Use "differentiable optimization trick" for backpropagation through tangent vector field calculation

facebookresearch / fmmax

Fourier modal method with Jax

MIT License

97 stars 10 forks source link

Use "differentiable optimization trick" for backpropagation through tangent vector field calculation #74

Open mfschubert opened 9 months ago

mfschubert commented 9 months ago

Currently, we directly backpropagate through the tangent vector field calculation, which involves a Newton solve to find the minimum of a convex quadratic objective. It may be more efficient to define a custom gradient for this operation, in a manner similar to what is done for differentiable optimization.

mfschubert commented 9 months ago

I am seeing some issues with super-long compile times in the optimization context, which are eliminated when we use a stop_gradient before the vector field calculation. I am thinking we should just add this stop_gradient, and then restore the ability to backpropagate through vector field generation via the method mentioned above. This might be fairly involved, and would take time. fyi @smartalecH

smartalecH commented 9 months ago

Yep this sounds like a good plan to me. How hard do we anticipate the manual adjoint will be?

mfschubert commented 9 months ago

I am looking at it a bit. It might actually be relatively straightforward. Here's a reference that seems nice, it even includes Jax code: https://implicit-layers-tutorial.org/implicit_functions/

mfschubert commented 8 months ago

@smartalecH @Luochenghuang I have things working here---all it needed was a bit of regularization.
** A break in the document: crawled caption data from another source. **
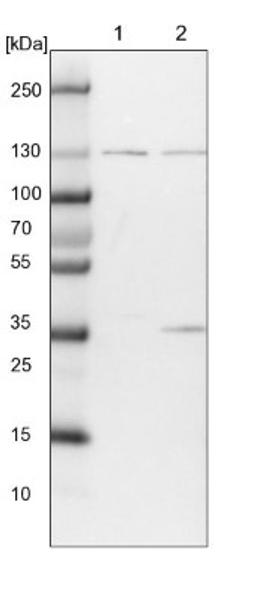 Western Blot: O-GlcNAcase/OGA/MGEA5 Antibody [NBP1-81244] - Lane 1: NIH-3T3 cell lysate (Mouse embryonic fibroblast cells)<br/>Lane 2: NBT-II cell lysate (Rat Wistar bladder tumour cells)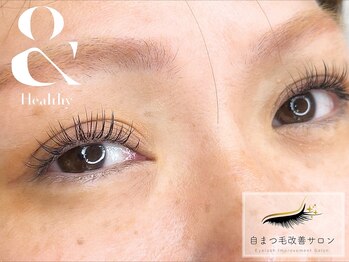 ウィンクルム(VINCULUM)/&ヘルシー/エクステパーマ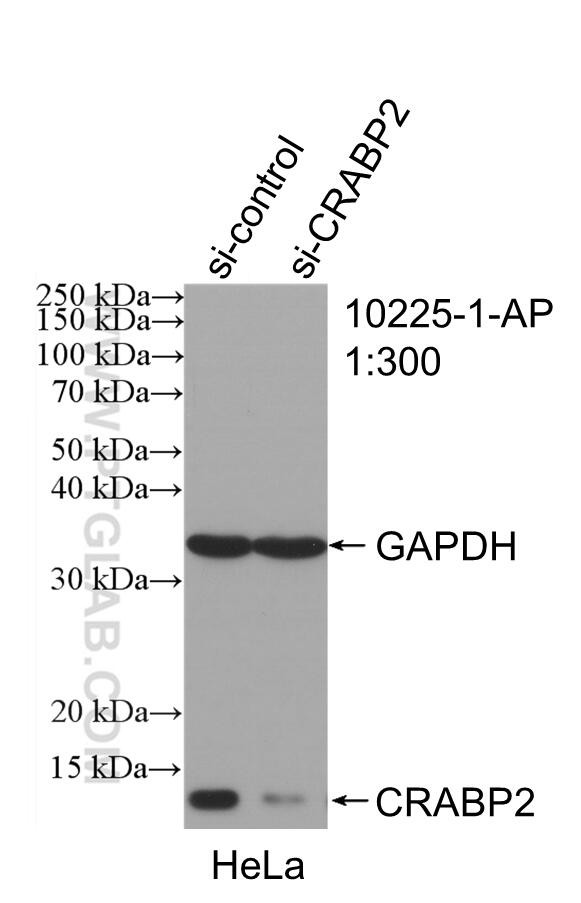 CRABP2 Antibody in Western Blot (WB)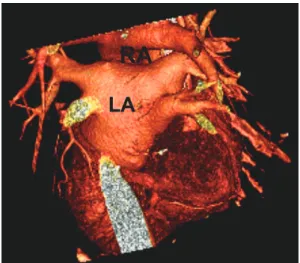 Fig.  1.     Three-dimensional  renderings  of  left  atrium  and  pulmonary  veins.
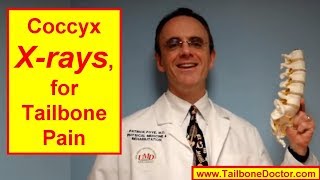 Coccyx Xrays for TAILBONE PAIN [upl. by Oznohpla]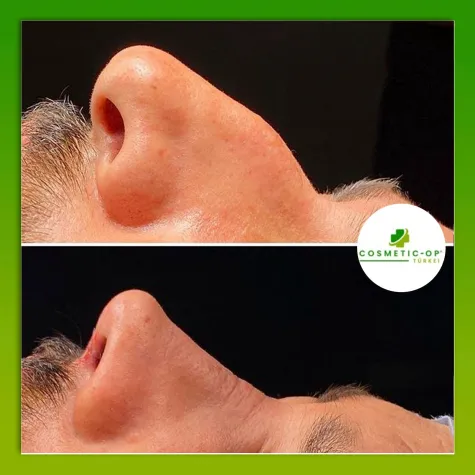 Bild: Schönheits-OP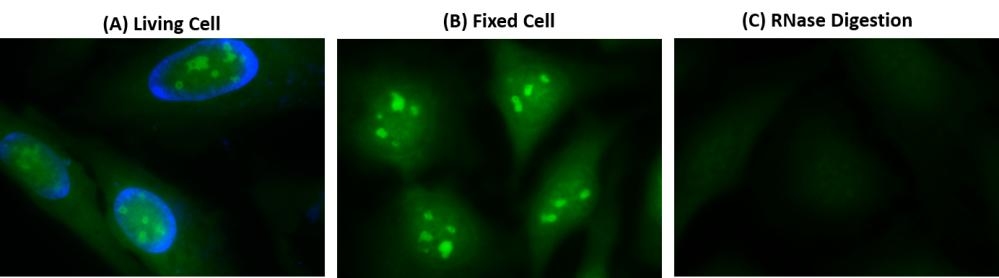 Fluorescence images of RNA staining in HeLa cells. (A) Live cells were stained using Cell Navigator® Live Cell RNA Imaging Kit (Green, Cat#22630) and counter-stained with Hoechst 33342 (Blue, Cat#17530). (B) Cells fixed in methanol were stained using the same kit. (C) After staining, fixed HeLa cells were incubated with 0.5 mg/mL RNase at 37 ºC for 1 hour. Image of RNase digest test indicates the high selectivity of StrandBrite™ RNA Green. The green fluorescence signal were measured using a fluorescence microscope with a FITC filter.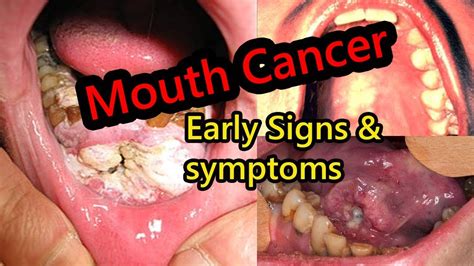 What Does Early Signs Of Mouth Cancer Look Like Oral Cancer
https://github.com/mfschubert/mewtax

mfschubert commented 8 months ago

I think we may want to put this on hold for now: the potential accuracy improvement is small, and there is a speed penalty.

I added a test with #94 which checks the FD gradient against AD gradient. They are very close as-is, i.e. even with the stop_gradient in the vector field calculation.
I tested using mewtax to solve for the vector fields, but this seems to make the tests much slower (2x time to complete all tests). I suspect there is a significant compile time penalty.